Baillargeon said he has worked for the town for three years. Before that, he worked for 32 years in Bristol at the waste water treatment plant. He said that this gives him a lot of experience in his field.
“I like doing what I’m doing. It’s a team effort,” he said. “We all work together, strategize and solve the problems together. This award should really go to everyone.”
David Zoni, who heads the Sewer Committee, praised Baillargeon as a “very good selection.”
“This is a great program,” he said. “I’m glad the town instituted it. They recognized an outstanding town employee.”
Repairs at high school
The Town Council also approved an architect for the planned repairs to Southington High School’s roof: Hibbard & Rosa, of Middletown. Town Council Chairman Chris Palmieri said that they were the low bidder at $14,000, which was $2,000 less than the next lowest bidder.

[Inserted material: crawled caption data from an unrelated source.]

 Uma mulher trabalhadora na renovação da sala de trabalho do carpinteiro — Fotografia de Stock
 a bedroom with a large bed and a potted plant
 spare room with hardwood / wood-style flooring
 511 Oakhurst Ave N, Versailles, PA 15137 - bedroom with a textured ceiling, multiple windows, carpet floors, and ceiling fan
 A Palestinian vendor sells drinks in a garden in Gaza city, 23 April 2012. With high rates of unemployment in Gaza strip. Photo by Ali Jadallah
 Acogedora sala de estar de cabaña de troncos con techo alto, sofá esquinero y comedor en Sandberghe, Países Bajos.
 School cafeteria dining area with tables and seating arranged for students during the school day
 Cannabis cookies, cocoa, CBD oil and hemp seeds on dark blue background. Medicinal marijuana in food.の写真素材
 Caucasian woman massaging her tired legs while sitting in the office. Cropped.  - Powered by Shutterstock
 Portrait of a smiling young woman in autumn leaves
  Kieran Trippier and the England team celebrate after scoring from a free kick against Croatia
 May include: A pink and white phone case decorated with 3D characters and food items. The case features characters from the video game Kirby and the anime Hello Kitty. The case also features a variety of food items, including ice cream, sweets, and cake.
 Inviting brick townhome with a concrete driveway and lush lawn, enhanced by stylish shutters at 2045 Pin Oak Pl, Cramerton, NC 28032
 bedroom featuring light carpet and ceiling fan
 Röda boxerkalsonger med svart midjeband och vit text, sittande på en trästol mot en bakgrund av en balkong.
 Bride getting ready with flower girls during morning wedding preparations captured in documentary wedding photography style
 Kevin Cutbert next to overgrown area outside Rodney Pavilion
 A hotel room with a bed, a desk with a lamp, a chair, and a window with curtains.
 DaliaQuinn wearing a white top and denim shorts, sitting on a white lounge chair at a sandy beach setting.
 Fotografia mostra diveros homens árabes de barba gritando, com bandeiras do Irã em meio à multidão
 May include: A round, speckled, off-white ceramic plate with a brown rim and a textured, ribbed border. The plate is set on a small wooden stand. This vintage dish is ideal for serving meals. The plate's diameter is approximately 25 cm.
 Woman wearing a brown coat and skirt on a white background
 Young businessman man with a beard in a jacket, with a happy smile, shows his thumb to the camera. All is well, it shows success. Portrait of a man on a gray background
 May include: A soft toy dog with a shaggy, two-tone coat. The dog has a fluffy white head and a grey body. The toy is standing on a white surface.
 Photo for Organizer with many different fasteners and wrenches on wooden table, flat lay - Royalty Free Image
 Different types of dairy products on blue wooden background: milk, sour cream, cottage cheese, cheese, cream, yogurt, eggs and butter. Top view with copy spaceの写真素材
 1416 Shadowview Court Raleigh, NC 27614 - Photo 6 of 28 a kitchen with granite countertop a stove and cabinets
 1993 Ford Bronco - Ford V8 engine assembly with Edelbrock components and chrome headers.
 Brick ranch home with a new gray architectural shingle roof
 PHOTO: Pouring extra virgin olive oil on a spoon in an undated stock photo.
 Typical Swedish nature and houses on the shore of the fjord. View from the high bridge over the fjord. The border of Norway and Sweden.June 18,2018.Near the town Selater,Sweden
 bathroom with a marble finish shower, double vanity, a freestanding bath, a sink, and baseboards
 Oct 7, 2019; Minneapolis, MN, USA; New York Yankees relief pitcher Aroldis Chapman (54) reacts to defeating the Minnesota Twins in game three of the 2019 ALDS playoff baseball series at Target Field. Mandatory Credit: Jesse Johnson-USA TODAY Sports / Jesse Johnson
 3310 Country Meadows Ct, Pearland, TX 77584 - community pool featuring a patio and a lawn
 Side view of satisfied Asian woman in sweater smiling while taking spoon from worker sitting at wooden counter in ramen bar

Triano said the section of roof over the foyer at the school is old and needs to be replaced. Ssolar panels may also be added to the roof, but this is the first stage of upgrades.
Apple Harvest Festival
Additionally, the Town Council voted to approve that coordination for the fall’s Apple Harvest Festival will be conducted by Dave Laprey, recreation director. He was awarded a $15,000 stipend for the town to organize the event. Additionally, Town Secretary Julia Berordinelli has been awarded a $5,000 stipend to assist him.
“We’re keeping it run by the town this year rather than hiring a separate coordinator,” said Palmieri. “We’re trying something new and coordinating with the Parks and Recreation Department.”
Greenhouse grant approved
The town also approved $30,138.50 to match a grant from the Community Foundation of Greater New Britain that will help Mark Ramsay of Lewis Educational Agriculture Farm to build a greenhouse that will allow him to continue growing during the winter.
“This will not only allow him to continue his educational programming for kids during the winter months, but it will also allow him to turn a profit during the winter,” said Triano.
Triano said Ramsay is expected to begin building the greenhouse as soon as the materials arrive.